What to produce:
Begin at the line below that holds "Players in red" and end at the line that holds "Long hexagon head", transcribing each line exactly and skipping any picture.

Data for the task:
=-=-=
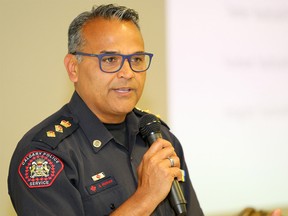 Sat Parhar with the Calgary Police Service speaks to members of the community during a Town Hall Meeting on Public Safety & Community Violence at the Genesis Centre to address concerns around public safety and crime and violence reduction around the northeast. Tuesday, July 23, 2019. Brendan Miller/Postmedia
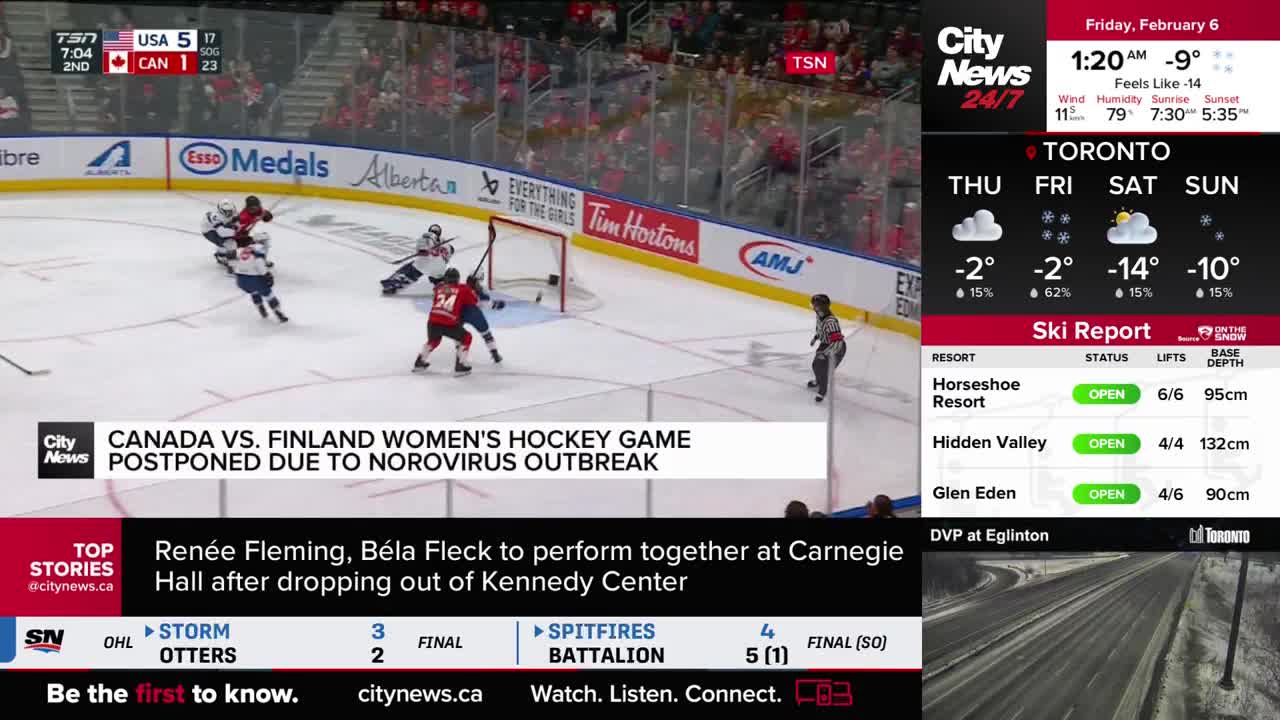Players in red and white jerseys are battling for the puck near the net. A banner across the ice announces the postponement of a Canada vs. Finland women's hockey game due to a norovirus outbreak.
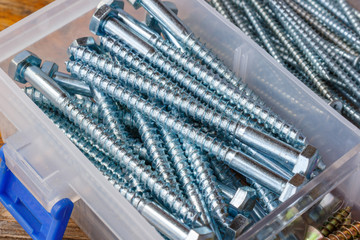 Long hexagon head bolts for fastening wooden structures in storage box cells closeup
=-=-=
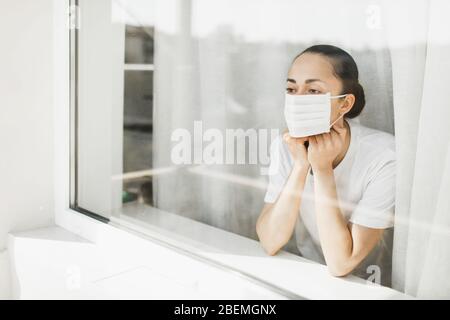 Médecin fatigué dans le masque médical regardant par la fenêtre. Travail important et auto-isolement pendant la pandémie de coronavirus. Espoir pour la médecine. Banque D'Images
=-=-=
Response box:
Players in red and white jerseys are battling for the puck near the net. A banner across the ice announces the postponement of a Canada vs. Finland women's hockey game due to a norovirus outbreak.
 Long hexagon head bolts for fastening wooden structures in storage box cells closeup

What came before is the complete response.